ORPHA: 154; DO: 0110434;
Location | Phenotype |
Phenotype MIM number |
Inheritance |
Phenotype mapping key |
Gene/Locus |
Gene/Locus MIM number |
---|---|---|---|---|---|---|
3p21.1 | Cardiomyopathy, dilated, 1Z | 611879 | Autosomal dominant | 3 | TNNC1 | 191040 |
A number sign (#) is used with this entry because of evidence that dilated cardiomyopathy-1Z (CMD1Z) is caused by heterozygous mutation in the TNNC1 gene (191040), which encodes slow troponin-C, on chromosome 3p21.
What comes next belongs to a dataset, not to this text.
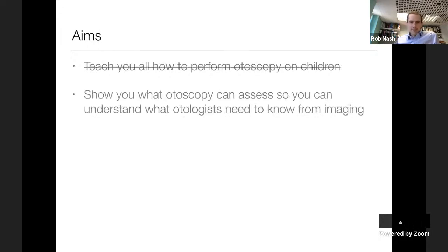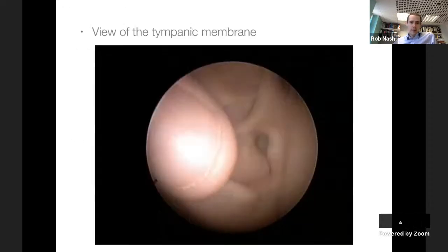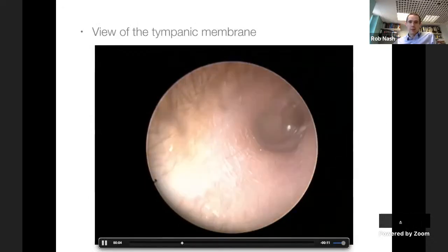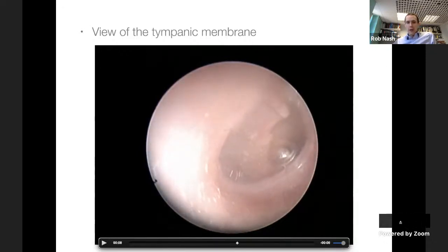Obviously I'm not here to teach you about performing otoscopy - I'm here to show you what otoscopy can reveal in an ear, so you can understand what it can't show, and that's what we request imaging to find out. This is a standard view of a tympanic membrane with an otoendoscope. Looking inside the ear canal, you get a lovely view of the ear canal on the way in and a clear view of the whole eardrum.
Dilated cardiomyopathy-1Z (CMD1Z) is characterized by severe reduction in cardiac function, with onset in infancy or early childhood in some patients but diagnosis as late as the fifth decade in others. Patients exhibit biventricular systolic dysfunction, with severely reduced left ventricular ejection fractions. Most affected individuals require transplantation for survival (Mogensen et al., 2004; Kaski et al., 2007; Pinto et al., 2011).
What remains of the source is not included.